** Your task **
Please print exactly the lines from the line containing "EPSON 4LB Singlepack" through the end of the data, no more, and keep pictures out of the copy.

╭─ Available data

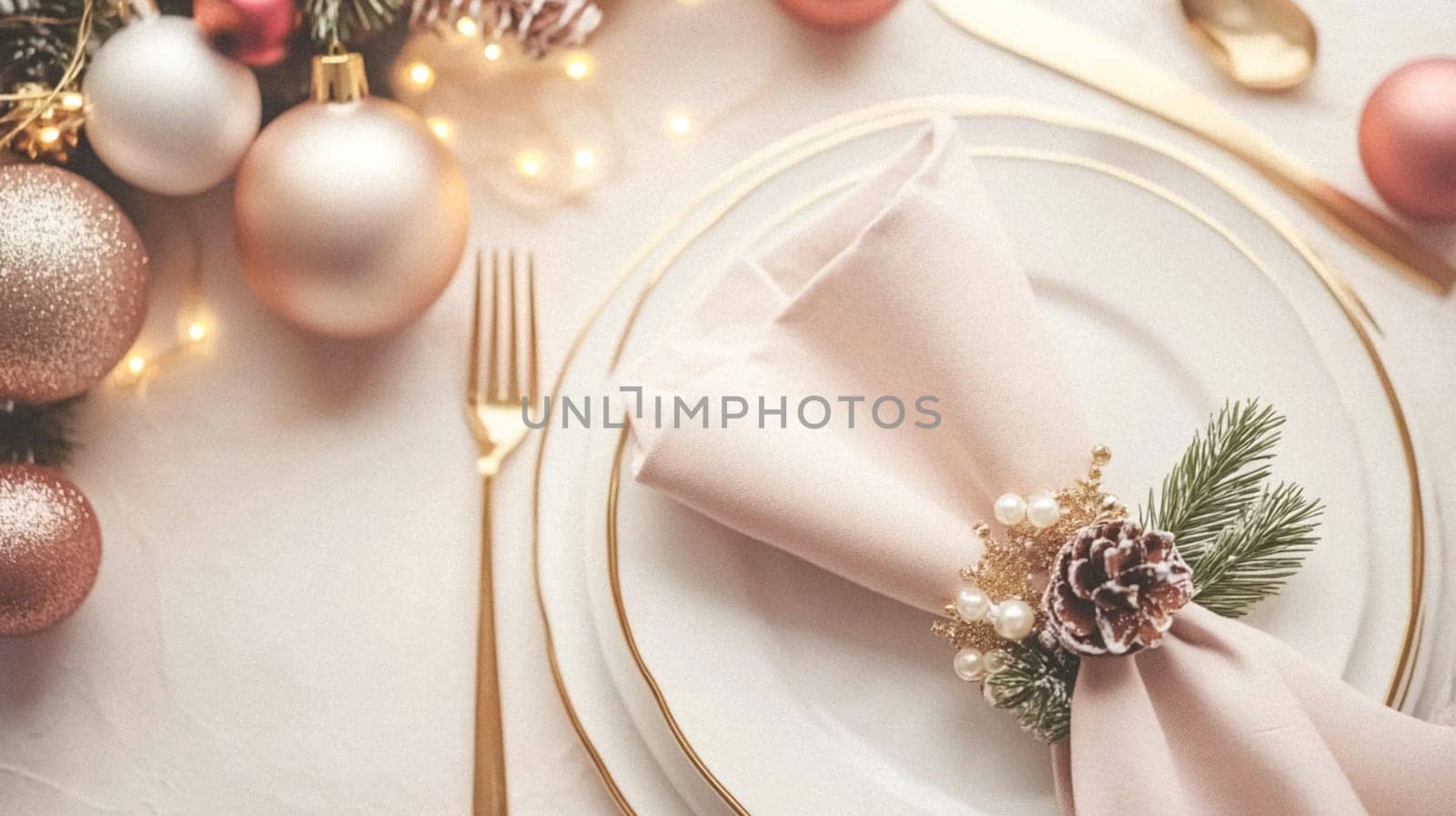 Christmas tablescape decoration, formal family dinner holiday celebration, luxury table setting decor, English country and home style idea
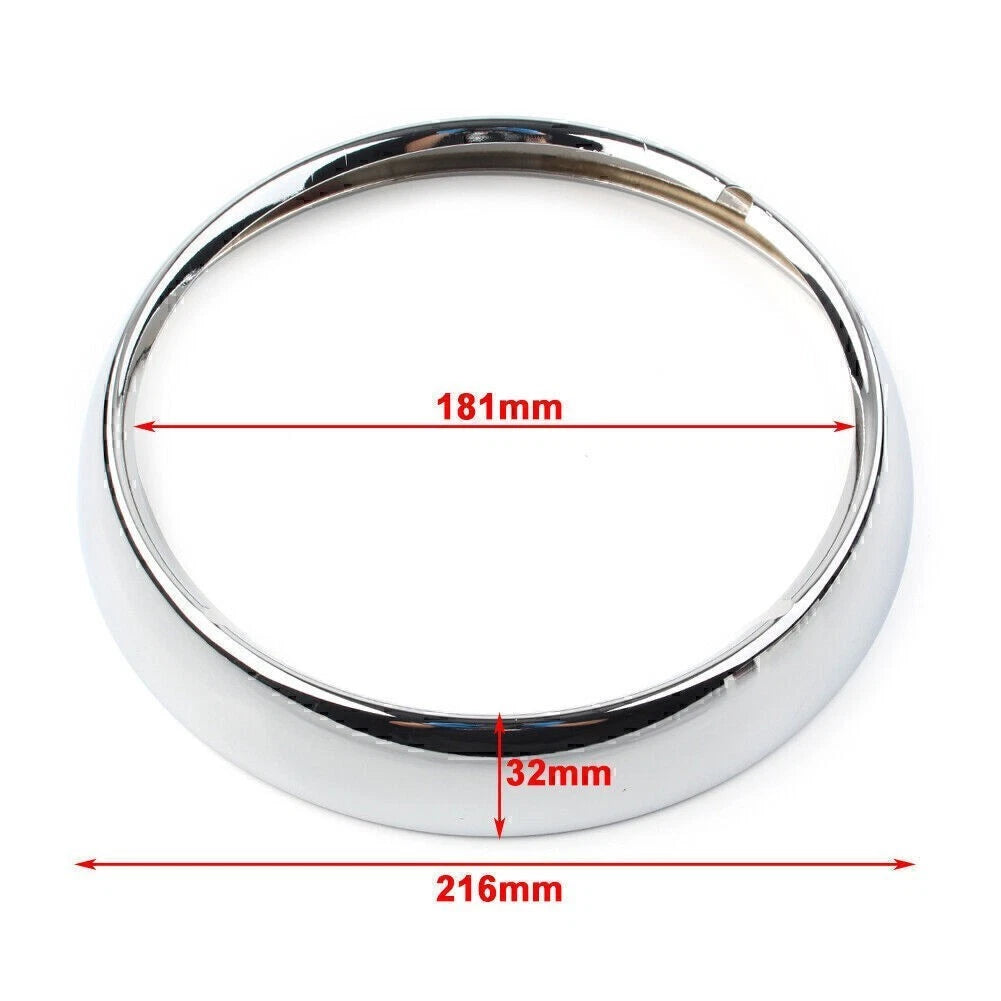 1 Pcs 7" Chrome Head Light Headlamp Trim Ring Cover Fit Harley Touring Road King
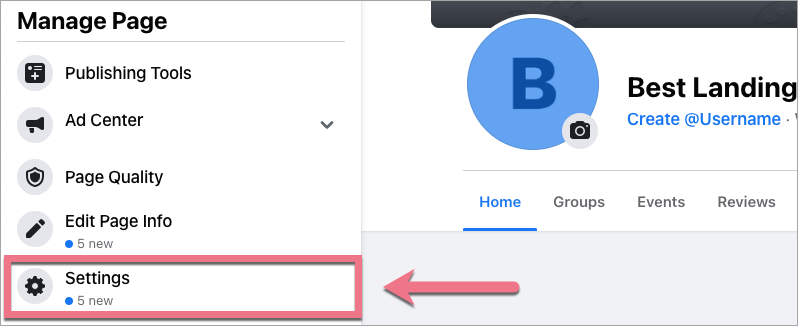 messenger on landing page
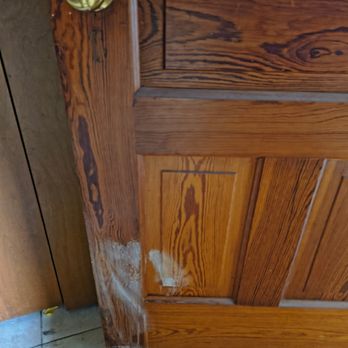 Flowers Colors Interior Painting - Sloppy. Paint on hardwood door - Painters Near Me - Milwaukee, Wisconsin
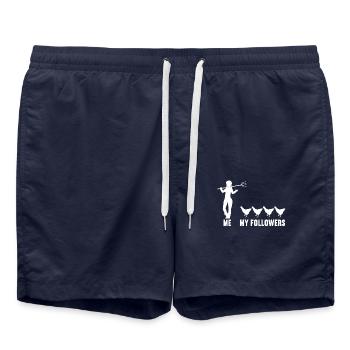 Me and my followers farmer chicken chickens - Swim Trunks - french navy - Front - AI Model Male 185 light (185cm)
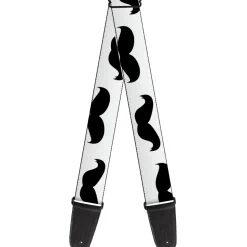 Guitar Strap - Mustaches White Black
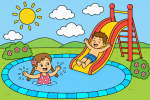 Happy Children Playing with Summer Slide and Pool ☀️💦👦👧 Colored Example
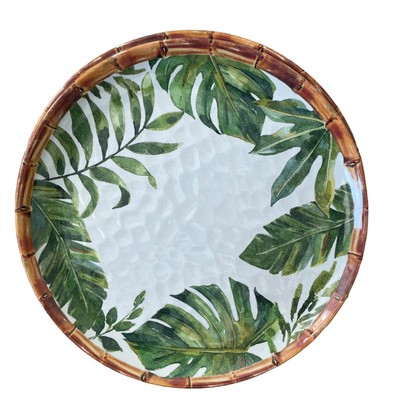 BUNGALOW Tropical Floral Banana Leaf Melamine 11'' Dinner Plate Set of 4 NEW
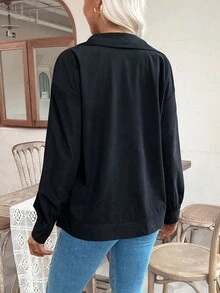 SHEIN Maternity Drop Shoulder Front Button Casual Versatile Short Regular Jacket - Black - View 2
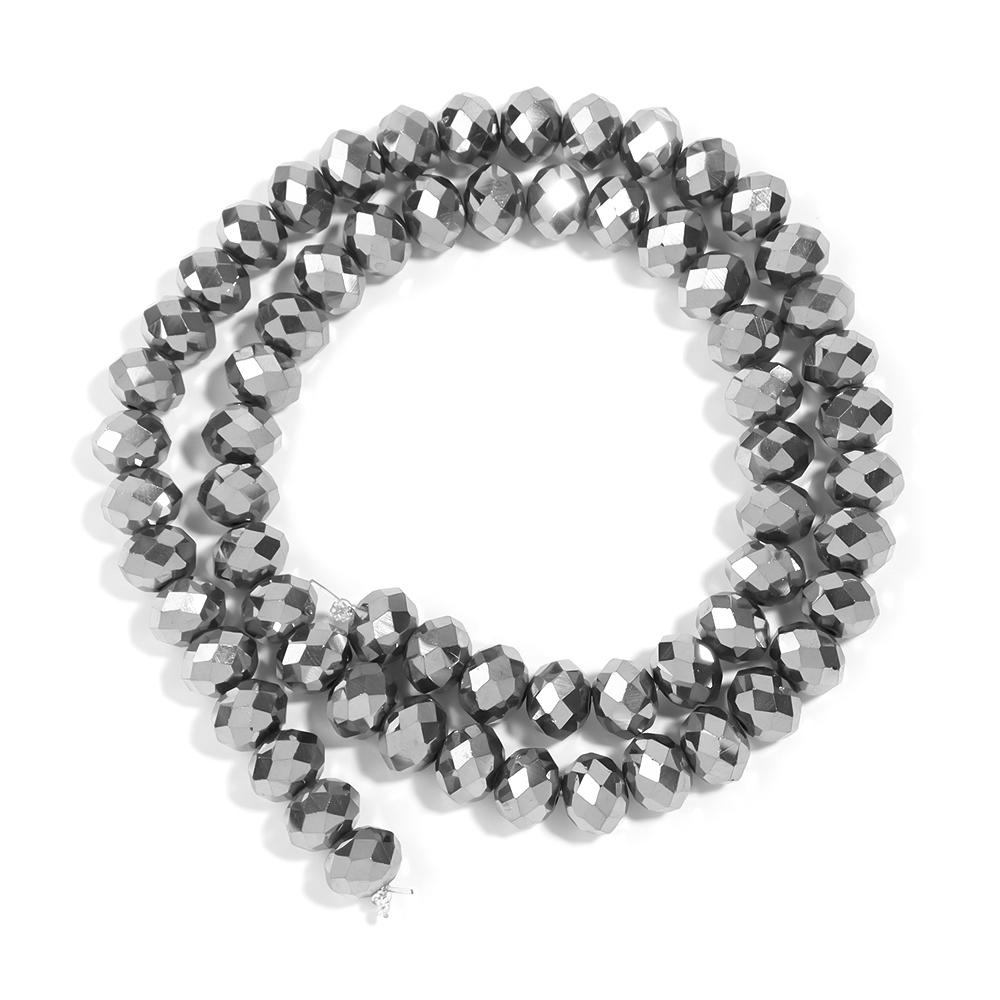 1Strand 3/4/6/8/10mm Faceted Crystal Abacus Beads Silver Plated Color Glass Loose Beads For Jewelry Making DIY Bracelet Necklace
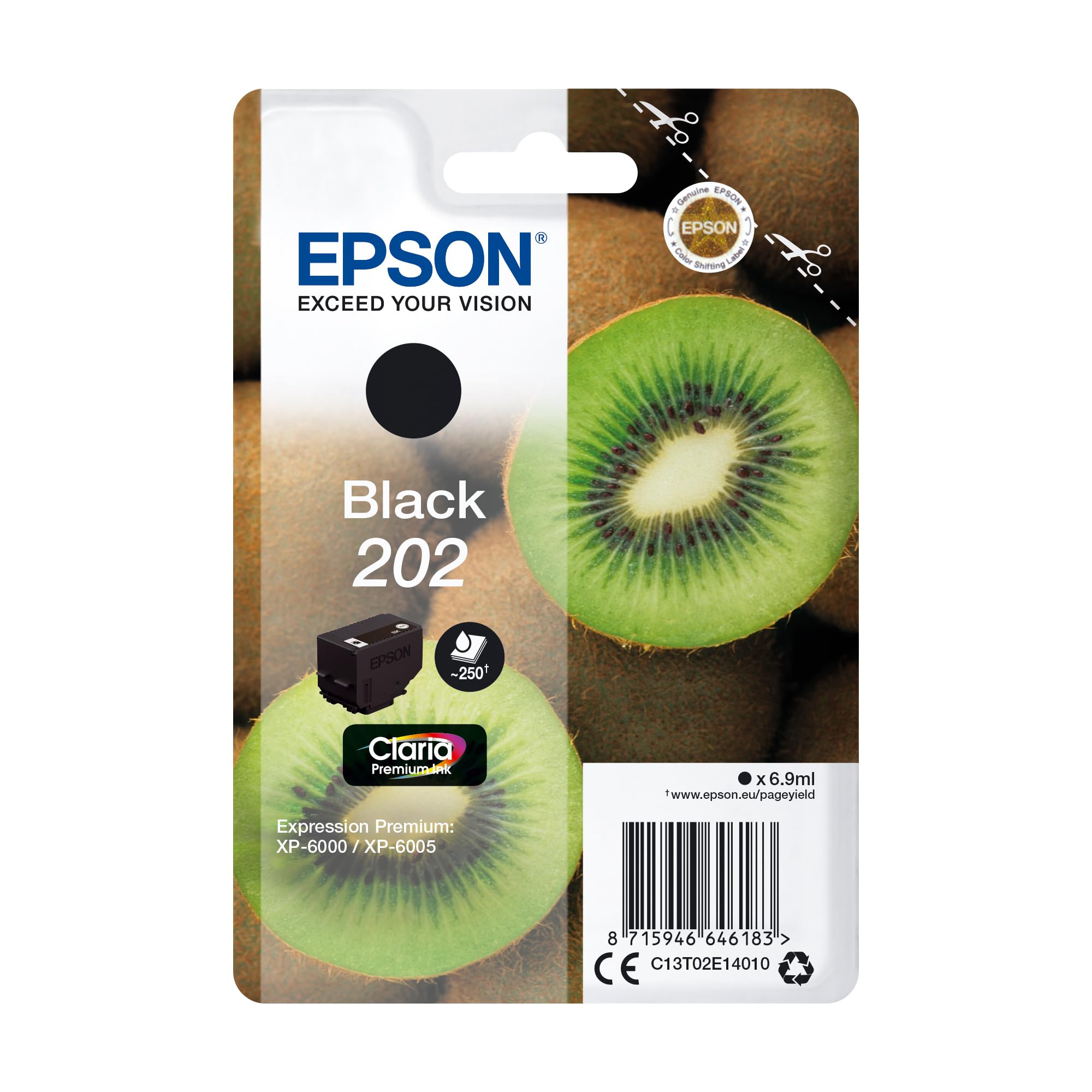 EPSON 4LB Singlepack Black 202 Kiwi Clara Premium Ink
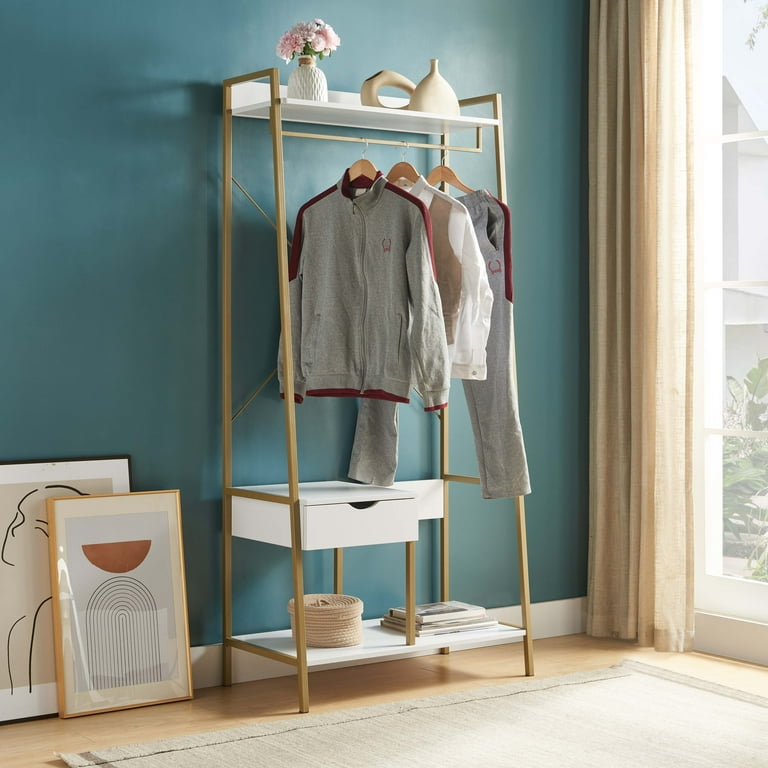 White Gold Garment Rack for Hanging Clothes Rack Clothes Open Shelf Storage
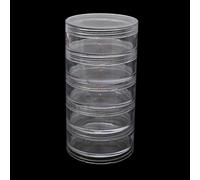 LLLucky 5 Layer Stackable Bead Containers Small Item Plastic Round Clear Storage Jar Box Clear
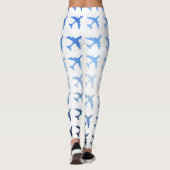Leggings Motif bleu d'avion de gradient (Dos)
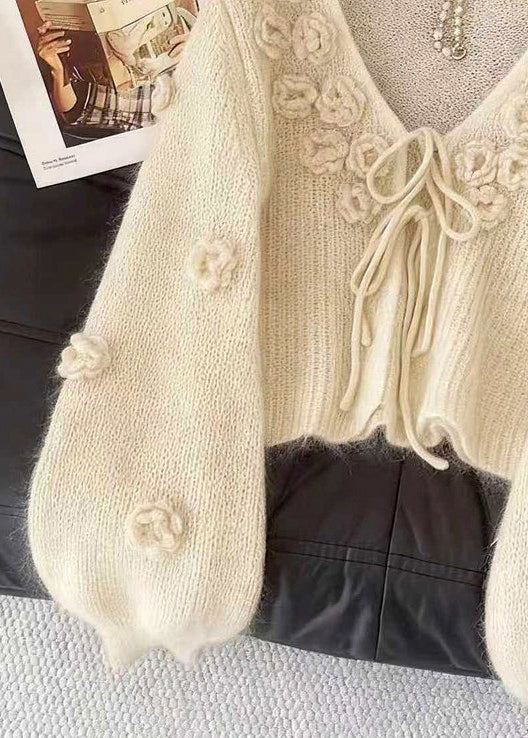 Beige V Neck Lace Up Cozy Knit Cardigan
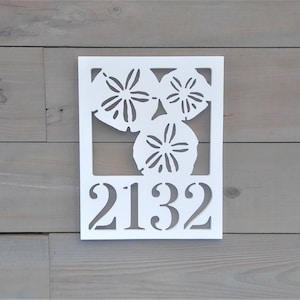 Custom White Sand Dollar Weatherproof PVC  House Number Sign - Coastal Address Marker - Beach House - Outdoor Home Decor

╰─

** Your solution **
 EPSON 4LB Singlepack Black 202 Kiwi Clara Premium Ink
 White Gold Garment Rack for Hanging Clothes Rack Clothes Open Shelf Storage
 LLLucky 5 Layer Stackable Bead Containers Small Item Plastic Round Clear Storage Jar Box Clear
Leggings Motif bleu d'avion de gradient (Dos)
 Beige V Neck Lace Up Cozy Knit Cardigan
 Custom White Sand Dollar Weatherproof PVC  House Number Sign - Coastal Address Marker - Beach House - Outdoor Home Decor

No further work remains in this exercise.